Supremo converte inquérito do mensalão em Ação Penal

O Inquérito do mensalão foi reautuado, nesta segunda-feira (12/11), como Ação Penal no Supremo Tribunal Federal. A determinação é do relator, ministro Joaquim Barbosa. A ação investigará o suposto esquema de pagamento de mesada para deputados da base aliada do governo Lula em troca de apoio político.

A denúncia do procurador-geral da República, Antonio Fernando Souza, contra 40 pessoas supostamente envolvidas no esquema foi recebida pelo Supremo em julgamento feito em cinco dias, entre 22 e 28 de agosto. Com a Ação Penal, eles passam para a condição de réus. O acórdão foi publicado no Diário da Justiça da sexta-feira (9/11). (Clique aqui para ler a íntegra)

Ao final do julgamento em que a denúncia foi recebida, os ministros concordaram com proposta do ministro Cezar Peluso no sentido de que, publicado o acórdão, o relator poderia dar início aos atos instrutórios, independente dos Embargos Declaratórios da defesa. O prazo para a oposição desses embargos vai até a próxima segunda-feira (19/11).

A tramitação da Ação Penal no STF será regida pela Lei 8.038/90, pelo Código de Processo Penal e pelo Regimento Interno do Supremo Tribunal Federal.

Próximas etapas

1 — Com a publicação da decisão do STF, são expedidas as cartas de ordem com a citação dos réus e a designação da data e da hora para o interrogatório.
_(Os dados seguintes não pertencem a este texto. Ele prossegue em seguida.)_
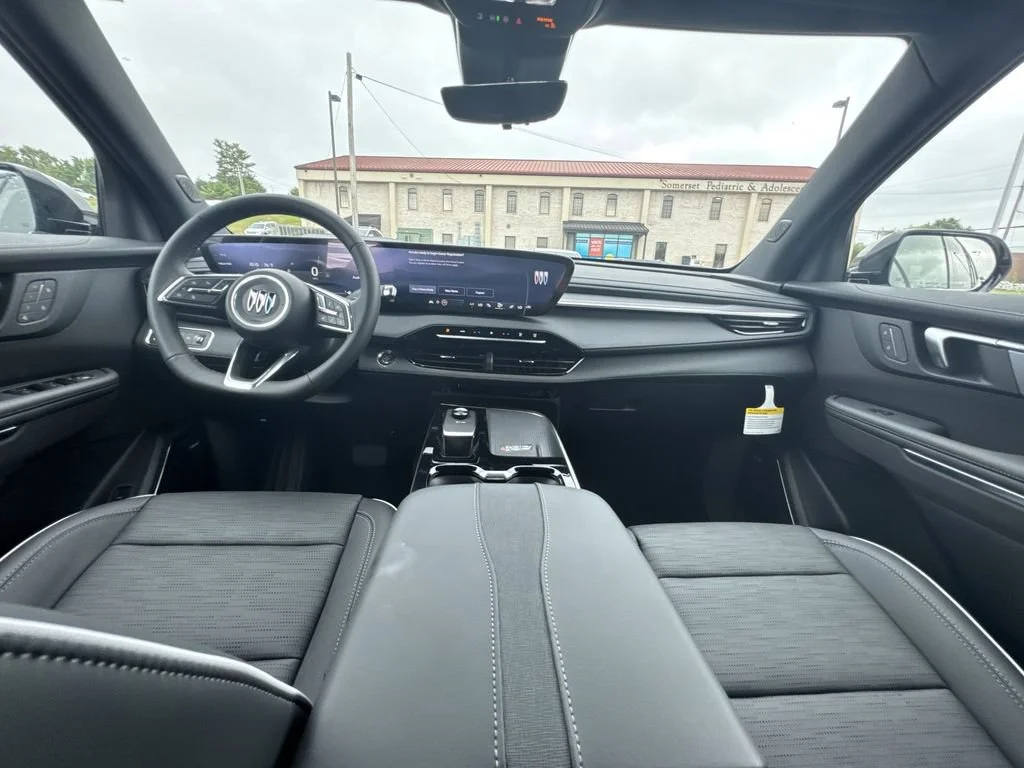 2026 Buick Enclave Sport Touring - Photo 10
2 — A carta de ordem tem a finalidade de informar ao réu que tramita uma Ação Penal contra ele. O documento permite que ele se prepare para o interrogatório e conheça os fatos e os crimes pelos quais está sendo processado. A defesa prévia deve ser entregue no prazo de cinco dias, contados a partir do interrogatório.

3 — O relator pode então delegar os interrogatórios aos juízes dos locais onde moram os réus.

4 — Após os interrogatórios dos réus, são feitas as inquirições das testemunhas. Cada réu pode chamar no máximo oito testemunhas.

5 — Concluída a inquirição das testemunhas, a acusação e a defesa são intimadas para pedir a produção de provas documentais e periciais no prazo de cinco dias.

6 — Após essas diligências, a acusação e a defesa são intimadas para apresentarem, no prazo de 15 dias, as alegações finais.

7 — O relator poderá, após receber as alegações, determinar de ofício a produção de provas que julgar imprescindíveis.

8 — Concluída a instrução da Ação Penal, o Plenário do Supremo julga os réus, na forma determinada pelo Regimento Interno.

AP 470

Carmen Patrícia C. Nogueira disse:
12 de novembro de 2007 às 21:24

PARABÉNS AO MINISTRO JOAQUIM BOARBOSA!

Por ele e por outros magistrados corajosos e honrados, temos que acreditar no Poder Judiciário.

olhovivo disse:
12 de novembro de 2007 às 21:48

Não exagerem nos confetes, sob pena de o Supremo ser invadido pela inodora brisa da vaidade, que tantos males traz a julgamentos isentos dessa praga altamente contagiosa.

A.G. Moreira disse:
12 de novembro de 2007 às 23:52

Prefiro parabenizar o Procurador Geral da República que, "sem luzes" "nem câmeras" , fez um trabalho extraordinário ! ! !

Paranhos disse:
16 de novembro de 2007 às 21:41

Todos os elogios se resumem num fato: O DEVER CUMPRIDO. Num país atolado na corrupção, o cidadão festeja o cumprimento do dever pela autoridade como o torcedor do Flamengo vibra com o gol.

Paranhos disse:
16 de novembro de 2007 às 21:43

Todos os elogios se resumem num fato: O DEVER CUMPRIDO. Num país atolado na corrupção, o cidadão festeja o cumprimento do dever pela autoridade como o torcedor do Flamengo vibra com o gol. Ambos são uma conquista.